In a businesslike manner, she quickly went through the book, extracting finely folded papers, opening them and checking them, and handing them to Liam.

“I’ll take good care of them, I promise.”

“I know you will.”

He kissed her gently on the forehead and left her.

 

Reading Cutter’s notes, Liam felt a sharp pain in his heart…or perhaps it was his conscience. All those years,
Cutter Merlin had lived just waiting for the murderer to return.

He hadn’t tried to get police help—it would have been in the records, or even in the memory of an older officer who would have talked about the “kook” out on the peninsula.

“Cutter, we owe you,” he told himself softly.

He went back to another of the earlier notes.

“Lieutenant!” the copter pilot called to him. “Landing any minute.”

“Thanks!” he shouted in return.

Back at the airport, Liam glanced at his watch while he walked to his car. It was nearly 5:00 a.m. He was going to have to try to get a few hours of sleep.

He started to head for his own home, and then changed his mind. He drove to the Merlin house.

He came slowly onto the peninsula, searching the brush and bracken along the way through the glow of his headlights.

Nothing.

At the house, he entered with the key he’d kept when the place had been rekeyed. He stepped in quietly and waited, but he heard nothing. He sheepishly admitted to himself that he wished Bartholomew was with him, but Bartholomew had chosen to stay behind and watch over Kelsey.

Bartholomew might sense if something was awry.
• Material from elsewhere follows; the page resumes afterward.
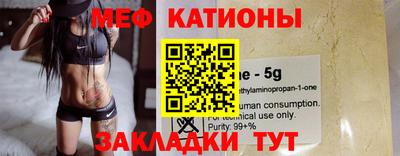 героин Малгобек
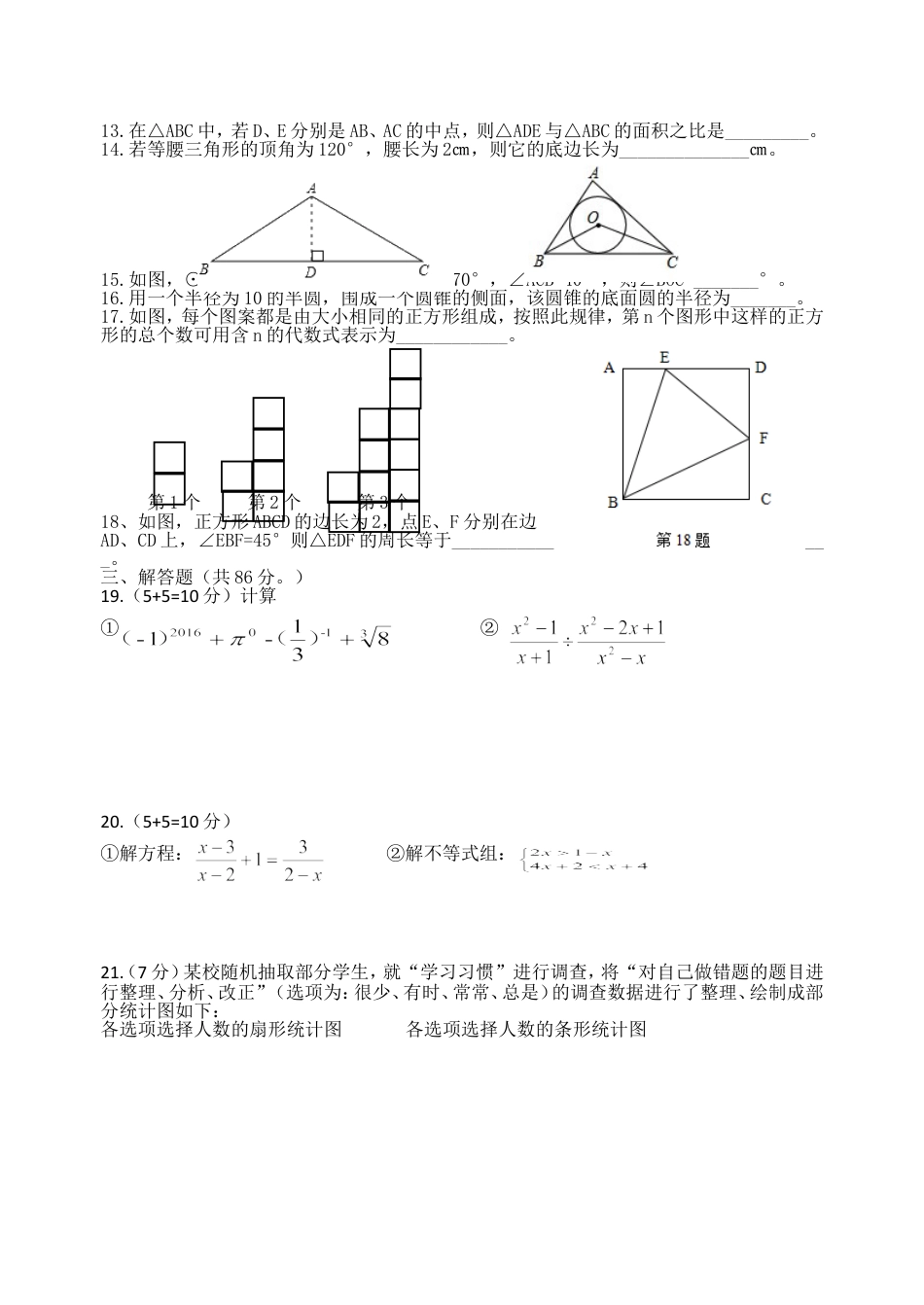 2016年江苏省徐州市中考数学试题(含答案)kaoda.com.doc_第2页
But after a moment of standing there, he believed that he was alone in the house.

Still, with his police-issue revolver in his hand, he
walked around. It seemed as if things were different. Just subtly different.
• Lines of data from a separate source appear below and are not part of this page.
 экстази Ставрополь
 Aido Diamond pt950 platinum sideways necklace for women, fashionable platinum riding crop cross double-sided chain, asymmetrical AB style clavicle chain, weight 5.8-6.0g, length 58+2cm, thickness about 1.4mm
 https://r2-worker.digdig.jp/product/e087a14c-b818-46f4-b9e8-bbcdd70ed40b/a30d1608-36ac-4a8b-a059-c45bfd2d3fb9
He went from room to room, and checked every window. Nothing had been opened. It had to be his imagination. A statue of the Virgin Mary on the voodoo altar seemed just a bit out of whack. The suit of armor that had so terrified Ricky Long seemed to be a step forward. The mummy in his open sarcophagus seemed to have shifted.
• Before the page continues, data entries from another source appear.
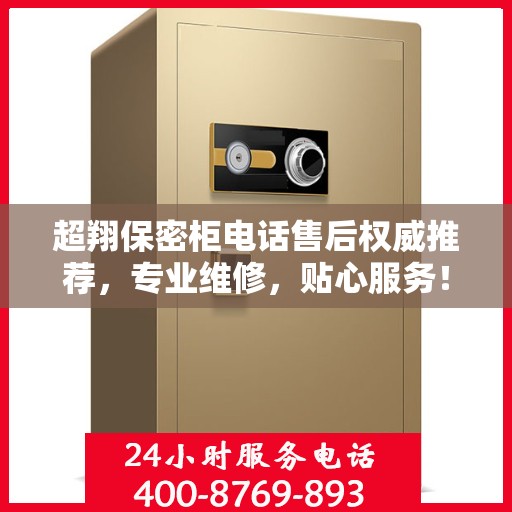 超翔保密柜电话售后权威推荐，专业维修，贴心服务！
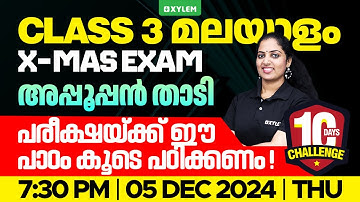 Class 3 Malayalam | പരീക്ഷയ്ക്ക് ഈ പാഠം കൂടെ പഠിക്കണം - അപ്പൂപ്പൻ താടി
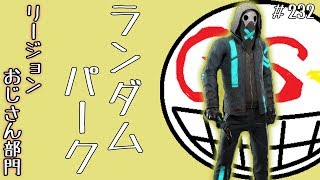 #232【DbD PC版  Live】リージョン！ランダムパーク！ノーアドオン！ 【デッドバイデイライト】【Dead by Daylight】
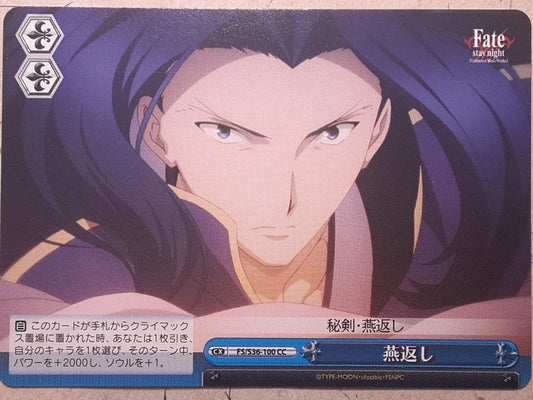 Weiss Schwarz Fate stay night FS/S36-100CC CC Assassin Trading Card NM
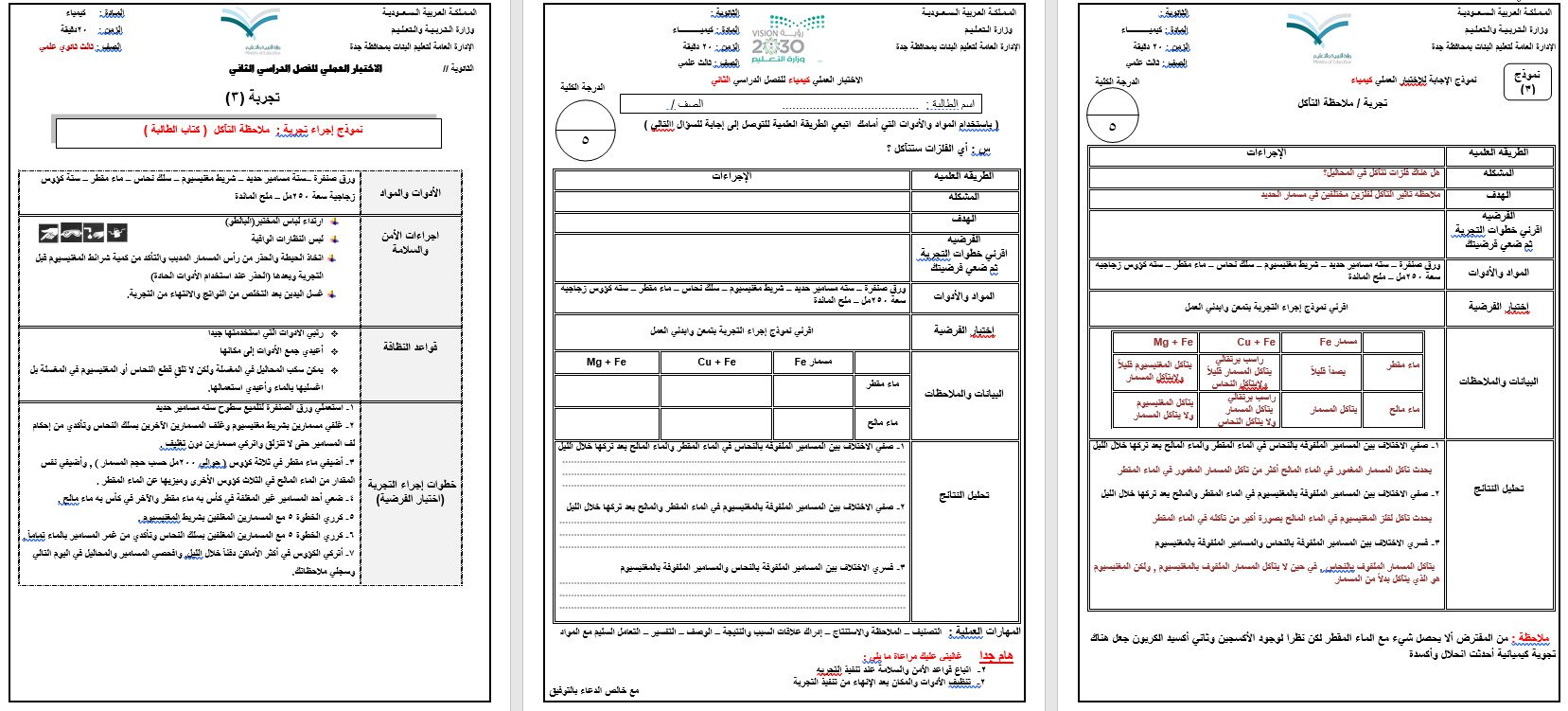 تجارب الفصل الثانى كيمياء 3 مقررات تجارب الفصل الثانى كيمياء 3 مقررات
But there was no one in the house, and it was locked tight.

As he walked, Liam decided that he’d have an alarm company out the next day. He didn’t know why the place hadn’t gotten an alarm system years ago. Maybe Cutter had wanted the perp who he believed had killed his daughter to come back. He had spent the remaining years of his life waiting.

At last, he went upstairs. He opted for a hot shower.

He missed Kelsey. He could smell the scents of her soap and shampoo. He’d taken what he had thought that she might want for an overnight stay in a chair at the hospital, but she was still there, everywhere, in his senses and in his mind.